The plague is over, let’s party

Originally published in Prospect Magazine – 29th June 2008 — Issue 147

An HIV diagnosis in Britain is no longer a death sentence—thanks to costly new drugs. But as the spectre of death fades, so do the most visible reasons to avoid risky behaviour. Now the Aids prevention industry has a whole new set of problems

I’m in a bar in Soho. A message flashes up on the plasma screen on the wall behind me: “Tom, I want to nibble your biltong.” A guy leaning against the banisters makes a show of putting his mobile phone away while making eye contact with a cute blond boy at the bar. Cute blond blushes. Soon, they’re smooching in a corner. How Tom’s biltong fared that night I don’t know, but I can guess.

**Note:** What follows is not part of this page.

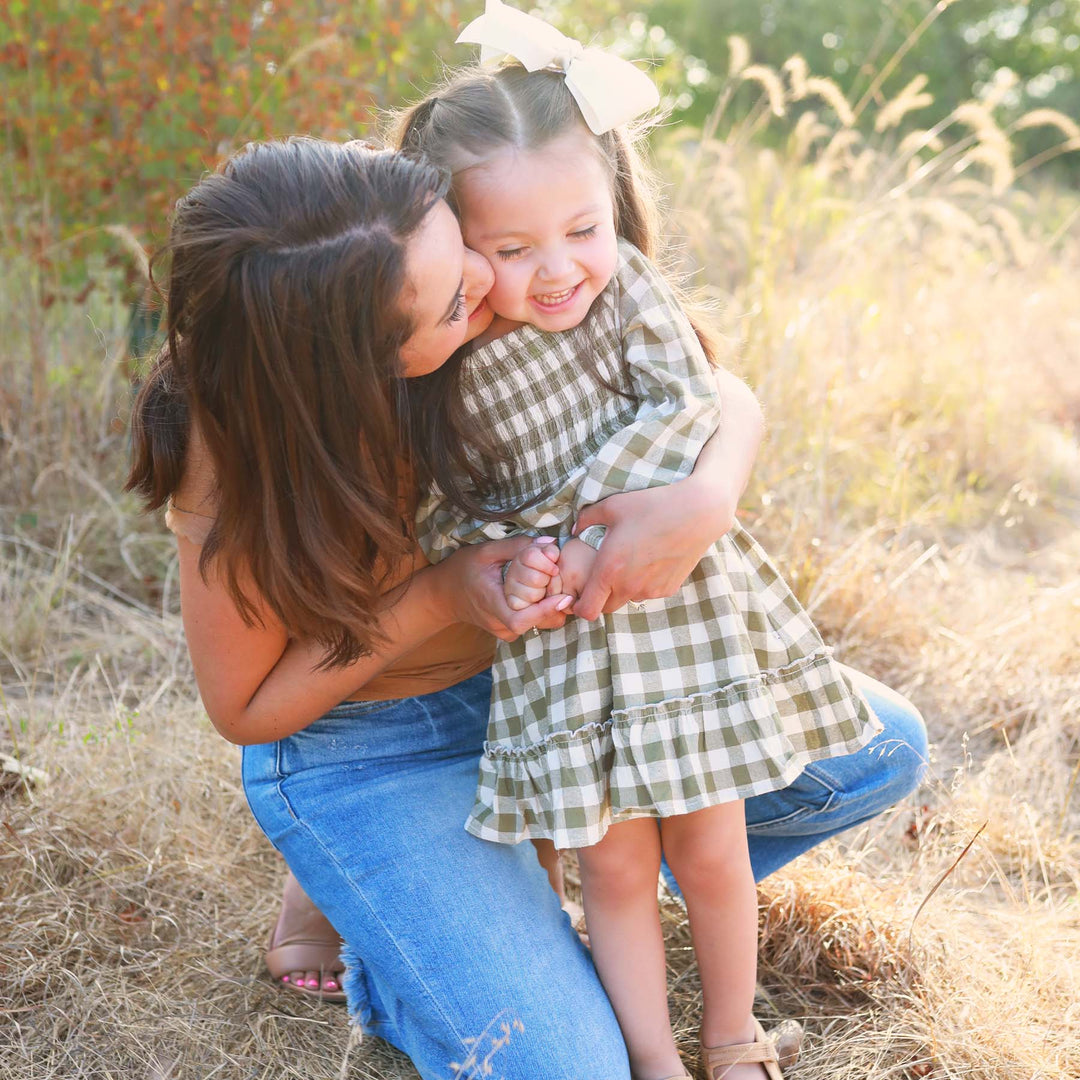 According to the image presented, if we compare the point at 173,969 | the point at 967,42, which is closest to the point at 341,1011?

This is London’s gay scene in a world without Aids. Since treatment for HIV became available in the mid-1990s, Aids has all but evaporated in rich countries. Annual deaths among gay men in Britain have crashed from a peak of over 1,162 in 1994 to just 153 in 2007. “Aids? I’ve never met anyone with Aids,” says Tim, an engineering undergraduate who’s sitting under the plasma screen, nursing a nasty pre-mixed drink. When I ask how many of the guys around us might be infected with HIV, he looks shocked. “That’s not a nice thing to talk about. I don’t know, 4 or 5 per cent?” Actually, the government estimates that around 9 per cent of gay men in London are HIV-infected, against 5 per cent elsewhere. But we’re not looking at all gay men in London. We’re looking at guys in a pick-up bar at 1am on Friday night; I’m probably the only person here who will leave without being propositioned. Many of the men eyeing each other up are in their 30s; they’ve had plenty of time to get infected. My guess is that 25 per cent of the men in this room have HIV, possibly a lot more. In 2006, 2,640 gay men were diagnosed with HIV—making up nearly two thirds of the total diagnoses of HIV infections that were acquired in Britain.

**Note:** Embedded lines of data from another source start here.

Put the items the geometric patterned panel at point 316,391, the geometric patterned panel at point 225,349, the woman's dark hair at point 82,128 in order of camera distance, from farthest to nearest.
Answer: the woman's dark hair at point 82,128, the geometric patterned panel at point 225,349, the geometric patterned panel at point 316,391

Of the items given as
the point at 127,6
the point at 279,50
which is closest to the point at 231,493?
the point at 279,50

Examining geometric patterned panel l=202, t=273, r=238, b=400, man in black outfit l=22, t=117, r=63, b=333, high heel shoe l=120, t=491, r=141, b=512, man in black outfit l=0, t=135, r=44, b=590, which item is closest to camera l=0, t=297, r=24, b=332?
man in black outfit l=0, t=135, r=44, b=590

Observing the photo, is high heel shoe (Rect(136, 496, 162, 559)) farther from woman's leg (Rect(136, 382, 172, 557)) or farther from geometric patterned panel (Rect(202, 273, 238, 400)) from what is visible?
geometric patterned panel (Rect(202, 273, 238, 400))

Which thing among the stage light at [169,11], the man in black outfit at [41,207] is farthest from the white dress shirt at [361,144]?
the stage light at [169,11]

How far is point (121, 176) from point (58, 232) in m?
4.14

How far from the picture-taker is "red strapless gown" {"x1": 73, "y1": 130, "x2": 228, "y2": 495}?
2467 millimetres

You don’t have to be an epidemiologist to work out that if 2,640 people are diagnosed with an incurable disease and only 153 die, the number of people known to be living with the disease will rise. The number of gay men living with HIV in Britain is probably around 31,000.

But these days you never see a cadaverous looking 35 year old in an armchair surrounded by friends trying not to notice that his face is covered by the black splotches of Kaposi’s sarcoma, a cancer that feeds on people weakened by HIV. And as Aids disappears, so does the most visible reason to avoid unprotected sex. Just under half of gay men say they had some unprotected anal sex in the last year, up from under a third in 1996, when treatment became widespread. But if HIV isn’t fatal any more, does it really matter if lots more people get infected?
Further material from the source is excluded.